The problem of ethnic (Roma and non-Roma) segregation in eastern Hungary’s schools appears to be deepening, according to Christopher Adam, the founding editor of the Hungarian Free Press and editor-in chief of the Kanadai Magyar Hírlap Hungarian-language journal in Canada.

In 2016, an estimated 14% of Hungary’s schools were segregated along ethnic (Roma and non-Roma) lines.

The trend towards greater segregation has been growing.  Unfortunately, this also perpetuates a vicious cycle of poverty and marginalization, as schools where the student population is mostly Roma tend to be housed in poorly maintained buildings, teachers have far fewer educational resources at their disposal and the curriculum disadvantages their students, writes Adam in an article published in the Hungarian Free Press.

Researchers believe that the government’s policies in the field of education are responsible for growing segregation and point to a handful of factors in particular. According to Adam, these include the government’s decision to no longer require students to stay in school until 18 years of age and they cancelled programmes aimed at better integration of students from different backgrounds. The government also took away greater choice in the use of textbooks, requiring a one-size-fits-all approach and a centralised manner of distributing textbooks and setting curriculum.

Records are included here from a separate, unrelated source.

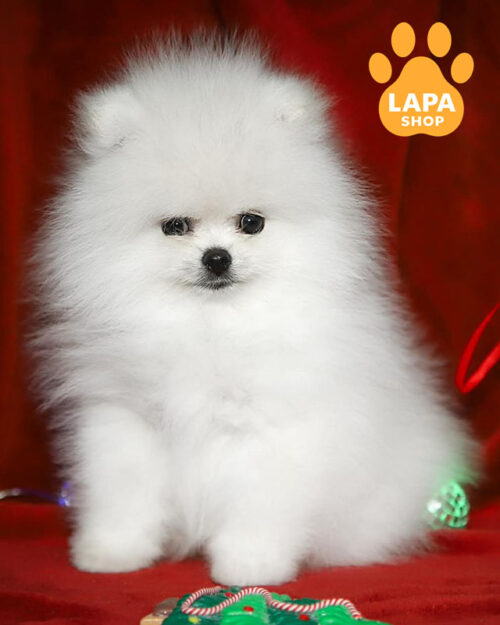 білий померанський шпіц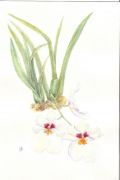 Miltonia hybr.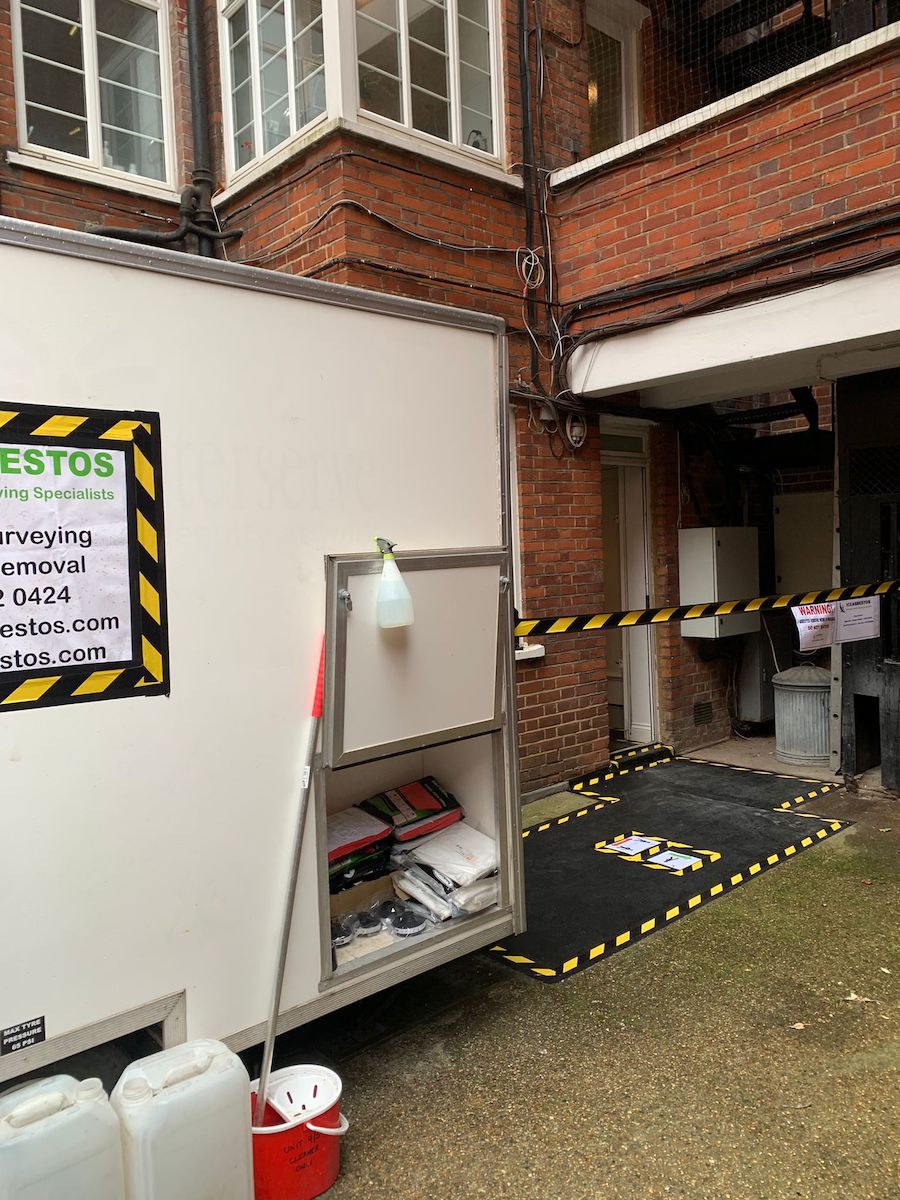 licensed asbestos specialist removal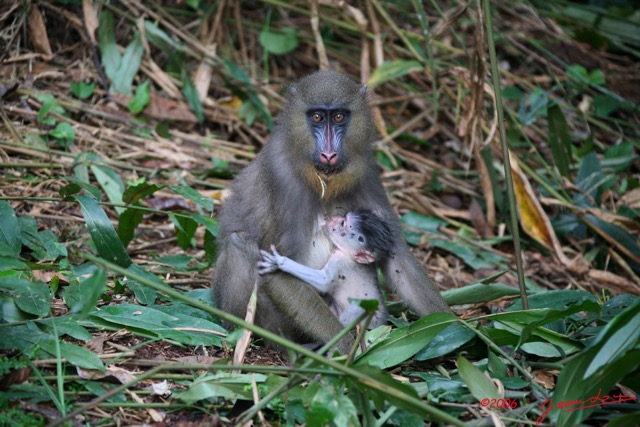 027 LEKEDI Mandrill Femelle avec son Petit IMG_2251WTMK.jpg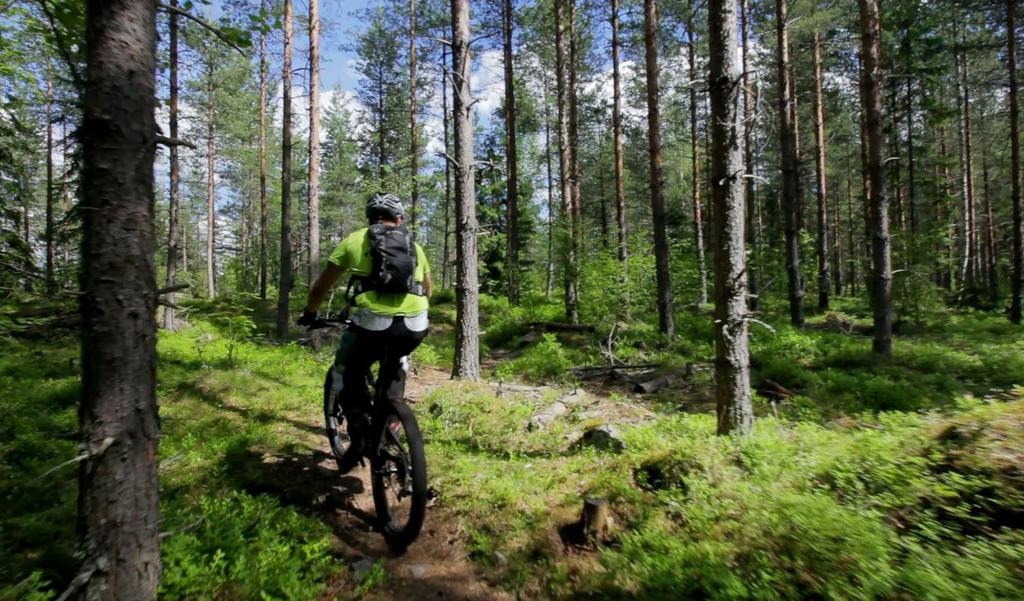 Terveyden- ja oilashuollon vastaanottotilat varataan terveydenhoitajalle, lääärille, psyologille, uraattorille ja opinto-ohjaajalle.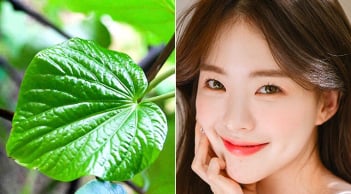 Lá lốt có thực sự giúp cải thiện mụn? Những cách chăm sóc da đơn giản từ nguyên liệu quen thuộc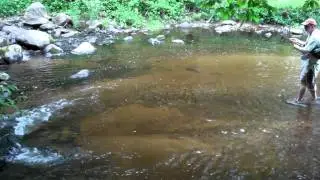 Local Waters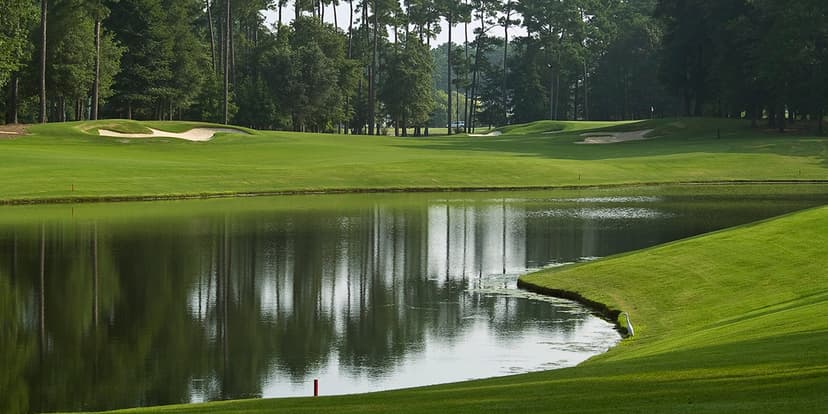 Black Onyx Lake and Pond Colorant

“Critically, the transfer of many public schools to churches, and the preferential public funding of church schools over non-religious state schools during the past several years has also resulted in greater segregation.  The number of schools in Hungary run by churches increased by 68% since Viktor Orbán returned to power in 2010,” writes Adam.

“All signs indicate that in the last eight years, Hungary has moved towards greater ethnic segregation in schools. In a country with a growing Roma population and a severe shortage of skilled and educated labour in many fields, the storm clouds are gathering.”